* [Data records]:
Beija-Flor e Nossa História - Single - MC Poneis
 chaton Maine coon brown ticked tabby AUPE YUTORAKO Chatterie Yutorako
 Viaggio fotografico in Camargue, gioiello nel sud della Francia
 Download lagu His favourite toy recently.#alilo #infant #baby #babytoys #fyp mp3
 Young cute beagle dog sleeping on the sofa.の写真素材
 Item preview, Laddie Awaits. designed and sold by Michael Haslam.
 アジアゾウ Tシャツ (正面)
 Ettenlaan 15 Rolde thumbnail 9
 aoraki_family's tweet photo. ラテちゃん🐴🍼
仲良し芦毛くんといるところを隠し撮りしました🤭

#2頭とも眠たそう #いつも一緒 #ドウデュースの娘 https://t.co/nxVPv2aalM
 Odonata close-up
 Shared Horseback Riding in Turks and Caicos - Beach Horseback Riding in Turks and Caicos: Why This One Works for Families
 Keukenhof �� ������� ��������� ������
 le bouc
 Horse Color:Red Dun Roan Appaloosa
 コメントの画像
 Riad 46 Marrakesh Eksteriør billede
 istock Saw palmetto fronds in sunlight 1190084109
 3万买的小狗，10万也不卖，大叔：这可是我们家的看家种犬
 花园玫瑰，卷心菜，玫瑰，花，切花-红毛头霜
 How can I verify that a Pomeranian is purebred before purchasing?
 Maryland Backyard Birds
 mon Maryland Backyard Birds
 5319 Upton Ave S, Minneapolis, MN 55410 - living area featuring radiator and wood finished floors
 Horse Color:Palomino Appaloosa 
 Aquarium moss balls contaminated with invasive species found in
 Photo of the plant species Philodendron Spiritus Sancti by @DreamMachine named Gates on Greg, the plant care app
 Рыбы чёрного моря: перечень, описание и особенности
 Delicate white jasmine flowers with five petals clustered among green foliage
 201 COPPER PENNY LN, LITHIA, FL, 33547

* [Assignment]: All lines from the one containing "Horse Color:Palomino Appaloosa" through the final line of the records above are to be set down exactly, and no other line is to appear.

* [Reply to the task]:
 Horse Color:Palomino Appaloosa 
 Aquarium moss balls contaminated with invasive species found in
 Photo of the plant species Philodendron Spiritus Sancti by @DreamMachine named Gates on Greg, the plant care app
 Рыбы чёрного моря: перечень, описание и особенности
 Delicate white jasmine flowers with five petals clustered among green foliage
 201 COPPER PENNY LN, LITHIA, FL, 33547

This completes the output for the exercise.